Alas, unfettered access comes with strings, so “American Symphony,” while undoubtedly “personal,” in the broadest sense, remains frustratingly anonymous. The scenes between Batiste and Jaouad obviously carry some emotional weight, and the sequence where the couple quietly gets married, as well as Jaouad’s journey out of the hospital, will certainly inspire ripples of emotion. But the latter sections of “American Symphony” feel like a film checking off boxes from Batiste’s year in 2022. His Grammys performance is on-paper impressive, plus the fact that he won Album of the Year over more famous pop stars deserves mention, but the film doesn’t lend it triumphant status, save for the shots of Jaouad and her family watching from their home. (It’s impossible to ignore the prominent “Doonesbury” collection that holds up Batiste’s television on his mantle.) Even the climactic Carnegie Hall performance feels artificially truncated: the drama of the evening and the swell of Batiste’s orchestra, combined with the devastating moment when the power goes out during a crucial movement that halts the performance, all feels like an afterthought because Heineman doesn’t devote enough time to the symphony’s creation. The debut of Batiste’s “American Symphony” narratively should feel like a victory, given how much he expressed his desire to break open the musical canon, but it turns out to be something of an afterthought.

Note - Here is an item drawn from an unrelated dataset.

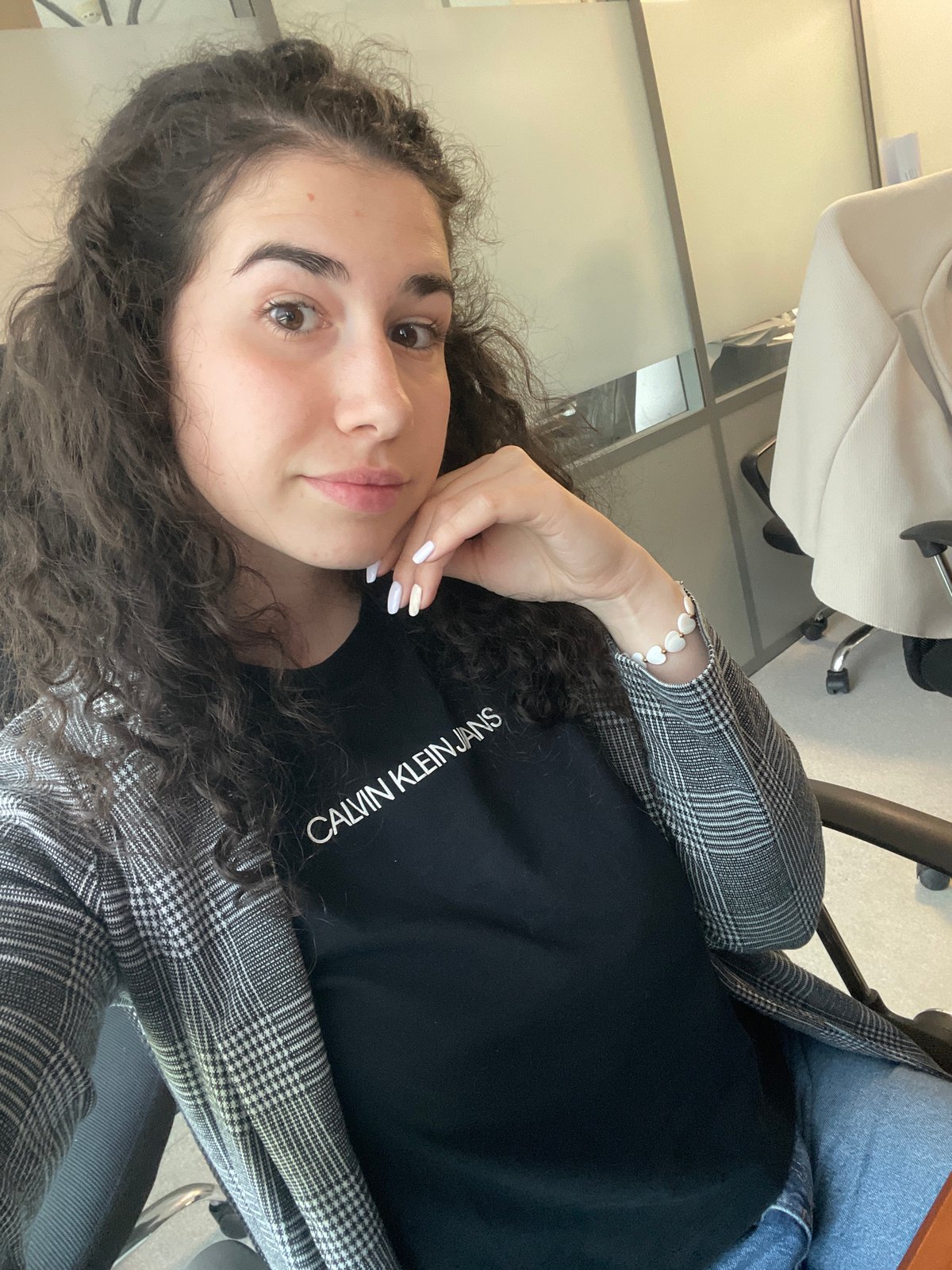Woman works at Sofia office with broken keyboard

The most genuine moment in “American Symphony” comes when Batiste tries to get his shoes shined at the airport following his Grammys performance. The shoe shiner politely insists that he can’t properly work on his shoes given their texture. Batiste respectfully accepts his decision, but when the shoe shiner slowly learns his potential customer’s identity after picking up a newspaper (not to mention the gracious crowd that gathers in his presence), he informs him he has material that will work with his shoes. It’s arguably the most stagey moment in “American Symphony,” but it feels like a sincere portrayal of an artist off stage, someone who needs his shoes shined even when the spotlight has receded. If only the rest of the film could have captured the same energy.

Grade: C+

“American Symphony” premiered at the 2023 Telluride Film Festival.